Now there’s a computer tool that’s like taking a tour through your own mind, and suddenly all those little bits and pieces of information you are storing away in your computer or blog will all come back some day to make you seem down right erudite.

Steven Johnson explains it all in his essay Tool For Thought in Sunday’s New York Times Book Review.

He has been using a tool called DEVONthink which helps him intuitively search his own files. He writes in part:

No doubt some will say that these tools remind them of the way they use Google already, and the comparison is apt. (One of the new applications that came out last year was Google Desktop — using the search engine’s tools to filter through your personal files.) But there’s a fundamental difference between searching a universe of documents created by strangers and searching your own personal library. When you’re freewheeling through ideas that you yourself have collated — particularly when you’d long ago forgotten about them — there’s something about the experience that seems uncannily like freewheeling through the corridors of your own memory. It feels like thinking.

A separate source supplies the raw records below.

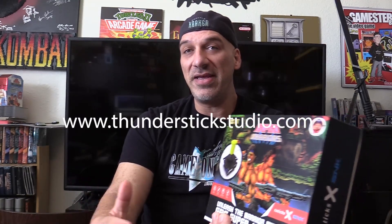This is available for pre-order. The website is thunderstickstudio.com — I'll put a link in the info for this video. It retails for $80 US dollars. Unfortunately it's not available outside the US as of yet — the website says it's only available in the US, not sure if that's going to change. Sales tax is included, shipping is not.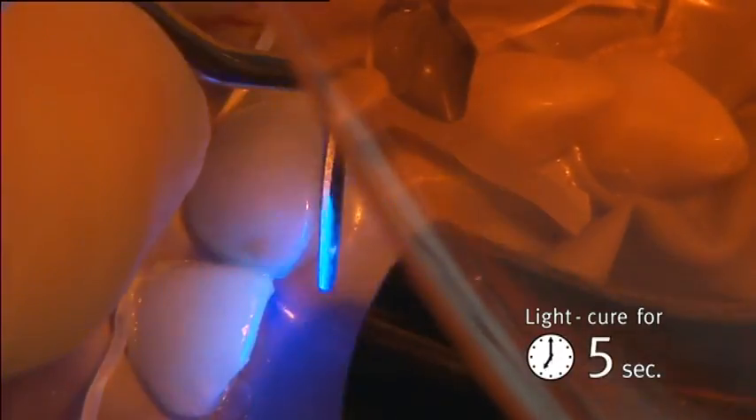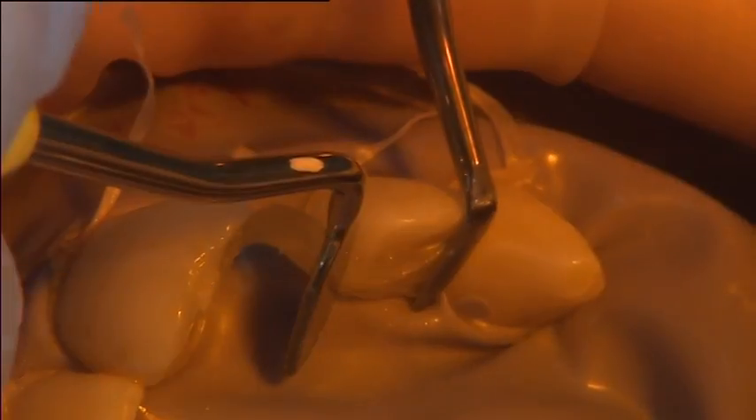The fibre was then light cured for 5 seconds from one end, while the wide tip of the stick stepper instrument protected the rest of the fibre bundle from the curing light.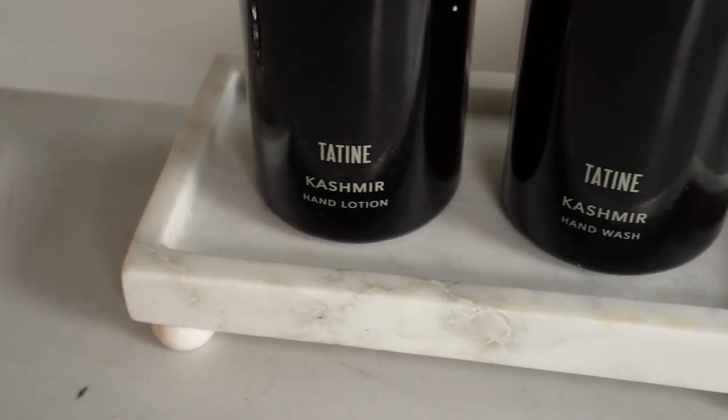Perfectly white marble, so it looks great with every interior. This is the petite marble footed tray.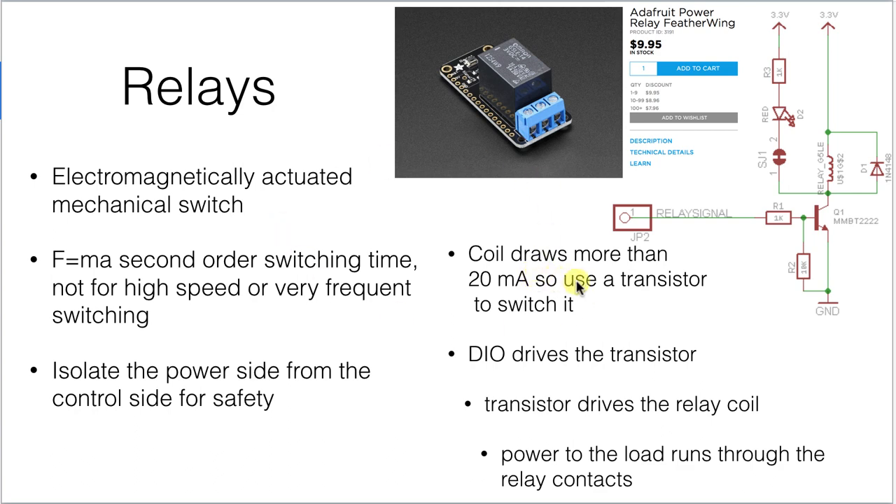One of the things you can use to control switching on a higher current load, even an AC load like household current, is a relay. This is a little relay on a circuit board designed to interface with Arduino-type controllers. It switches mechanically — it's an electromechanically actuated switch that uses a solenoid to flick the contacts open and closed.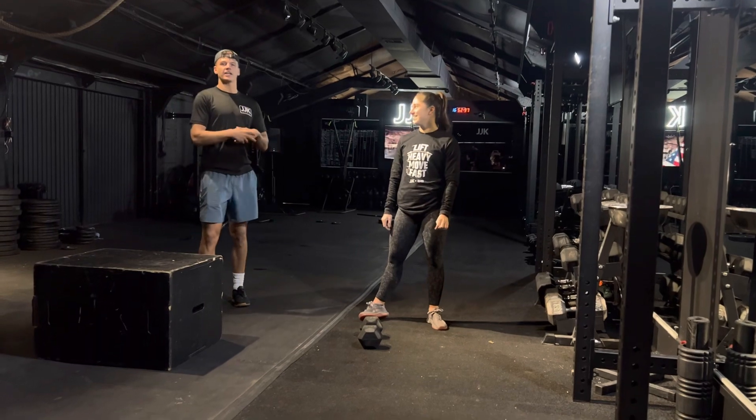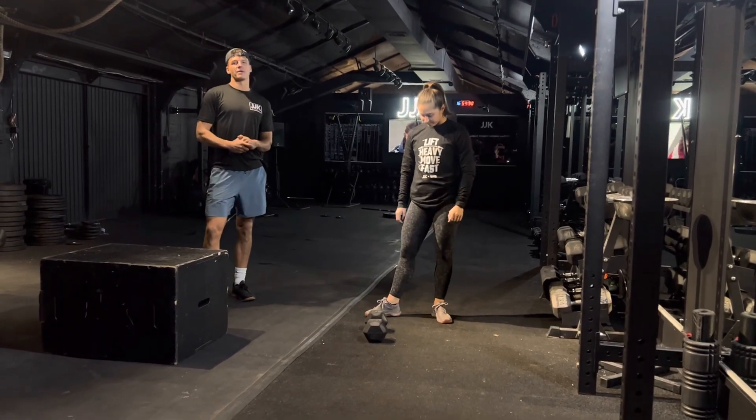Hi guys, welcome to Qualifier 1. You have got a 16 minute AMRAP and you are scoring on reps.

Johnson is a great original thinker. In the essay he gives you an overview of how he uses these new tools to help develop ideas, and then at his website he shows you the process with illustrations.

Of course, these tools work best when you have lots of your own ideas and those of others stored on your computer or on your blog. In other words, ideas that might have been ephemeral in the past or things written and long forgotten can now all come streaming back into your consciousness as you build new ideas.